The following is an email correspondence from December 2018 between a Krishna devotee and an associate of the United Lodge of Theosophists.

Hare Krishna Devotee: I read just now about the Theosophical view of God. I find it peculiar that you do not accept a personal God; the Bhagavad Gita seems to promote the adoration or Bhakti of a personal God, Krishna, who for the Christians is the Christ. It’s difficult to not admit that this is true. Prabhupada, the guru of the Hare Krishna movement, made a big battle against the impersonal vision of God due to the fact that it results in atheism. What do you think about Prabhupada?

 

Student of Theosophy: If taken literally, the Bhagavad Gita does indeed seem to be referring to a personal God. But the Theosophical view is that no genuinely inspired scripture is intended to be taken on a plain literalistic material level of understanding. Theosophists view Krishna in the Bhagavad Gita as representing the Higher Self – the Atman – of everyone, and Arjuna as representing the reincarnating individual soul. Thus we are each both Arjuna and Krishna. And if the soul will heed the words and guidance and inspiration from the spirit, it will achieve the goal of Yoga.
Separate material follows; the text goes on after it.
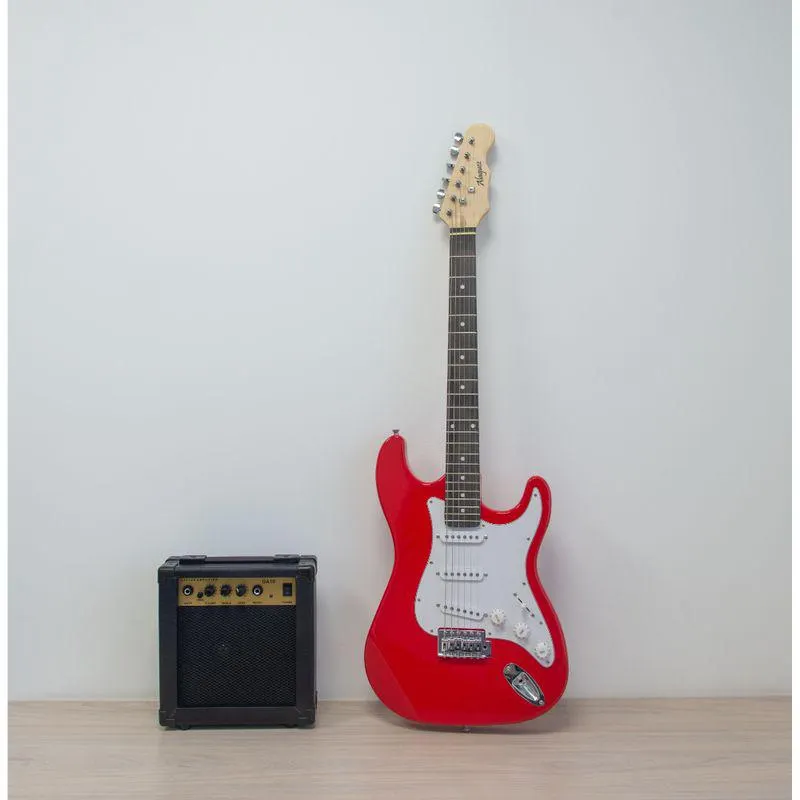 PACK GUITARRA ELECTRICA ROJA CON AMPIFICADOR 10W ALAGUEZ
For a Theosophist familiar with the facts and details about Prabhupada and the Hare Krishna movement it would be extremely difficult to have a positive view of them so it’s probably best we don’t go into that, as it seems we would only disagree.

But the idea of an impersonal Deity does not result in atheism at all, unless atheism is defined as disbelief in a “Supreme Personality,” as in the Hare Krishna phrase “Supreme Personality of the Godhead.”
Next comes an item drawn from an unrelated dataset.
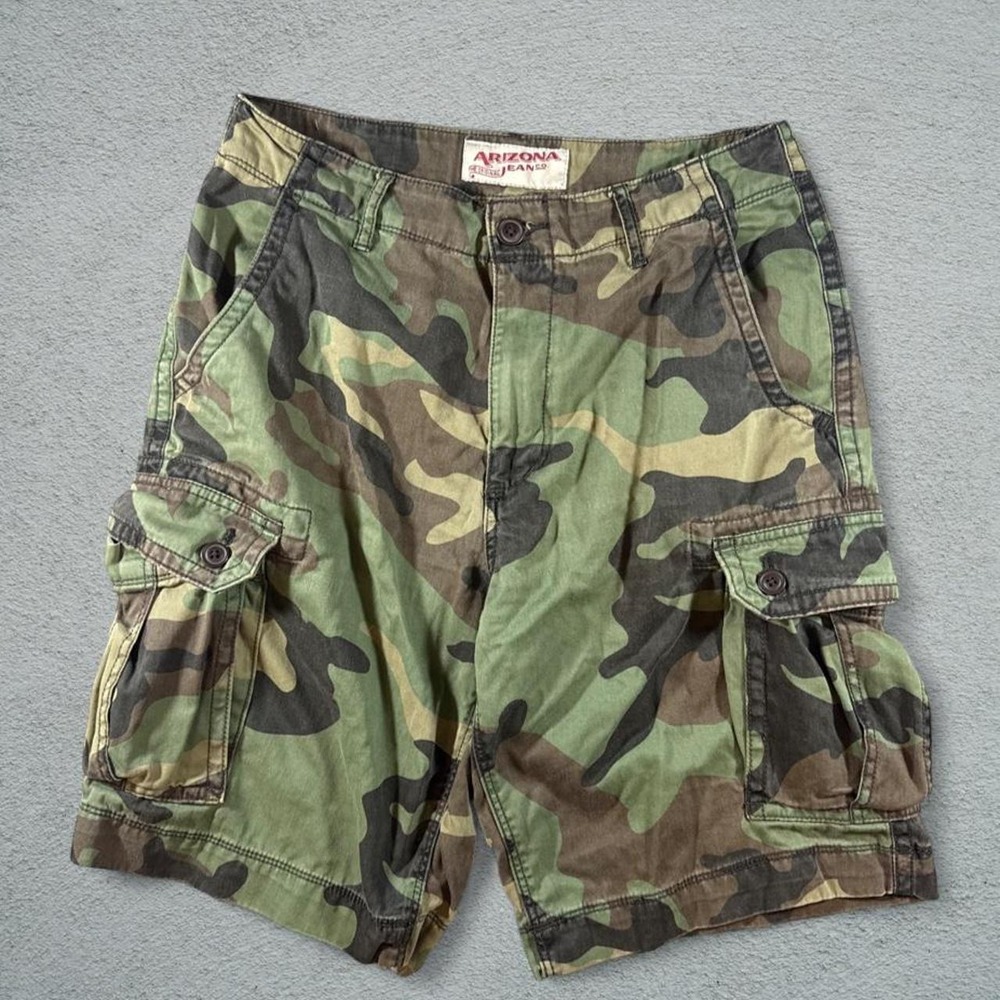 Arizona Jean Co Mens Camo Cargo Shorts Green Brown Size 30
In the Western world, the situation is just the opposite: the Christian belief in a personal God has been the cause (not the cure) of atheism for millions upon millions of people, as they instinctively realise that a personal God does not make philosophical, logical, or reasonable, sense, whereas an impersonal Divine Principle stands up to all the tests of philosophy and logic. We have known numerous people who were raised as Christians, became atheists, and then when they encountered the idea of an impersonal Divine Principle they stopped being atheists and began to take spirituality seriously.

Everyone who believes that there is a Divine is either a non-dualist (i.e. the Advaita approach), a semi-dualist (i.e. the Vishishtadvaita approach), or a dualist (i.e. the Dvaita approach). Any believer in Deity cannot help but fall into one of those three categories, since these are ultimately the only three ways of viewing and relating to the Divine.
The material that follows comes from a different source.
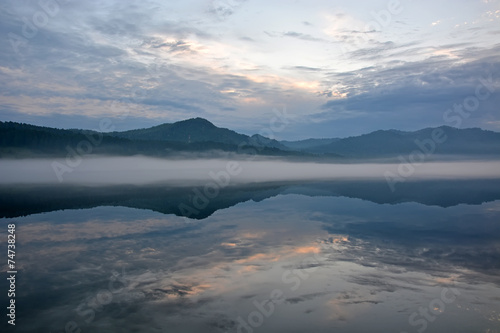 Sunrise at the Teletskoye lake © kalichka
As you no doubt know, the Hare Krishna movement has a Vishishtadvaita approach. Theosophy, on the other hand, takes a purely non-dualistic approach. Although Theosophy is not Hinduism nor Buddhism nor any religion, its approach to the subject of the Divine is very much Advaita style. Theosophy generally does not even use the word “God” because to most people that word conjures up ideas of a personal or anthropomorphic God, a Being, rather than “Be-ness.” Non-dualists, semi-dualists, and dualists, will rarely agree, so it’s probably best that we don’t even bother arguing about these things!

 

Hare Krishna Devotee: I understand your motivations perfectly and I cannot blame you, even though I very much doubt that religious theology leads people to atheism. I believe that it is the non-knowledge of a personal God that leads to atheism.

Most people who become atheists are such because they have always been such; if they ever followed religion they did so in a merely traditional and superficial sense and obviously sooner or later they will abandon it. Krishna in the Bhagavad Gita speaks of divine nature and demonic nature and how people who deny God are demons because they are people who want to do as they please. Of course religious fanaticism is also a form of irreligion. In the Mahabharata it is said that the absence of religion and the excess of religion are the same thing.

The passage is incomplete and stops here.